BEGIN Available data

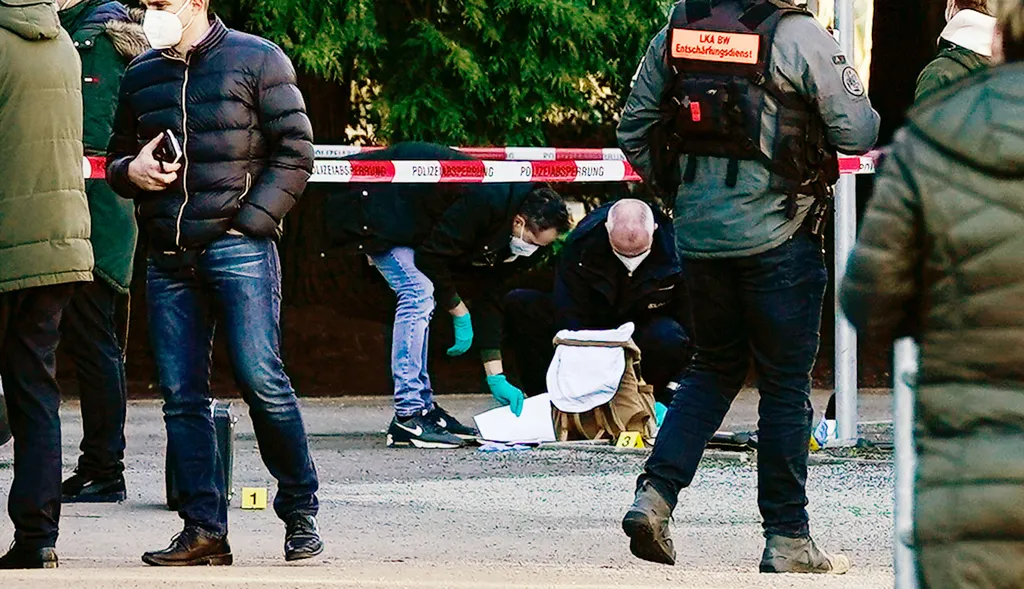 heidelberg, heidelbergi egyetem, lövöldözés, németország, 2022.01.24. 
 Amok run on university campus in Heidelberg with several people injured Education Universities --- Horizontal CRIME 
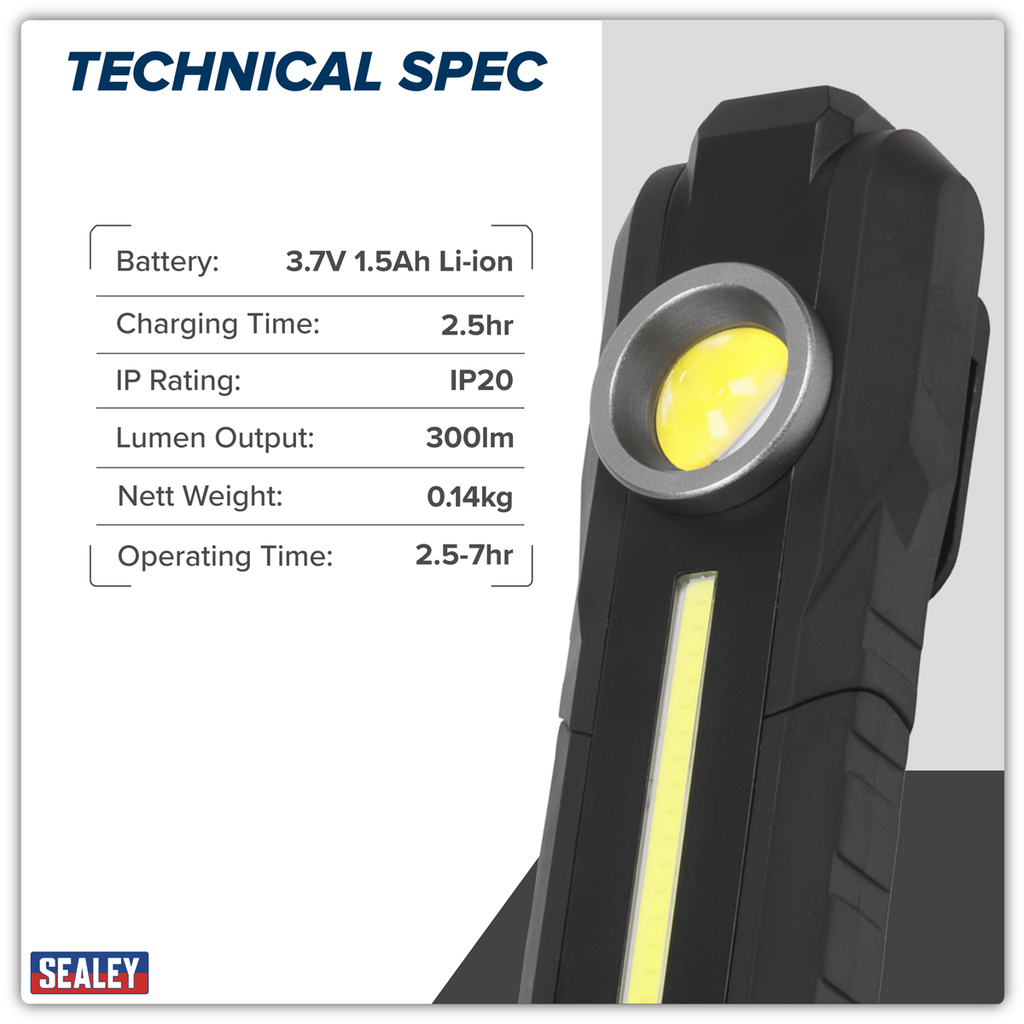 Rechargeable 3-in-1 Inspection Light 5W COB & 3W SMD LED LED316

END Available data

Any picture in the listing is to be omitted. Return exactly the lines from the one containing "Amok run on" through its last line, both included, and only those.

 Amok run on university campus in Heidelberg with several people injured Education Universities --- Horizontal CRIME 
 Rechargeable 3-in-1 Inspection Light 5W COB & 3W SMD LED LED316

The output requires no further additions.